As for the plaintiffs' claim that the defendants failed to maintain pay records as mandated by the statute, the evidence appears undisputed that the requirements of the AWPA were not met. 29 U.S.C. § 1821(d)(1) and 29 C.F.R. § 500.80(a) dictate that an agricultural employer must keep records for each worker which state (1) the basis on which wages were paid to that worker, (2) the number of hours worked, (3) the total pay period earnings, (4) specific sums of money withheld and the purpose of such withholdings, (5) the net pay, and (6) the name and permanent address of each worker. In each of the years involved in this lawsuit, the evidence indicates that the defendants failed to comply with one or more of these requirements. Specifically, the evidence is as follows:

1983The defendants admit that no pay records at all were kept by the defendants.
1984The defendants admit that their records did not contain the workers' names and addresses, the hours worked, or the basis on which wages were paid.
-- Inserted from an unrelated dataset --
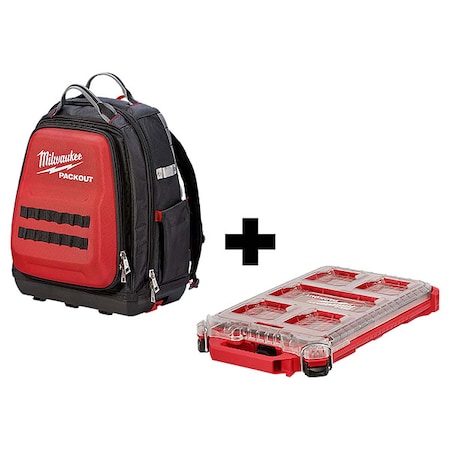 PACKOUT Backpack + PACKOUT Low-Profile Compact Organizer MPN:48-22-8301, 48-22-8436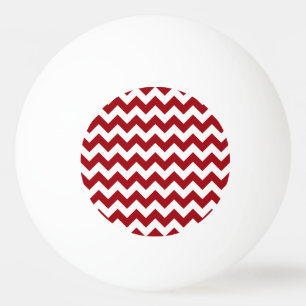 Cranberry Red White Chevron Zig-Zag Mönster Pingisboll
1985 — The evidence shows that the defendants' records did not contain the workers' addresses, the hours worked, the basis on which wages were paid, or the sums withheld from pay and the reason for such withholding.
1986 — The evidence shows that the defendants' records did not contain the workers' addresses or the basis on which wages were paid.
1987 — The evidence shows that the defendants' records did not contain the workers' addresses or the basis on which wages were paid.
1988 — The evidence shows that the defendants' records did not contain a full accounting of the sums withheld or the reasons for such withholding.

The defendants' tardy response to this allegation makes three wholly unsupported arguments. First, they claim that the plaintiffs' complaint does not mention the inadequacy of the pay records and, therefore, this charge cannot be maintained. Paragraph Twenty-Two of the amended...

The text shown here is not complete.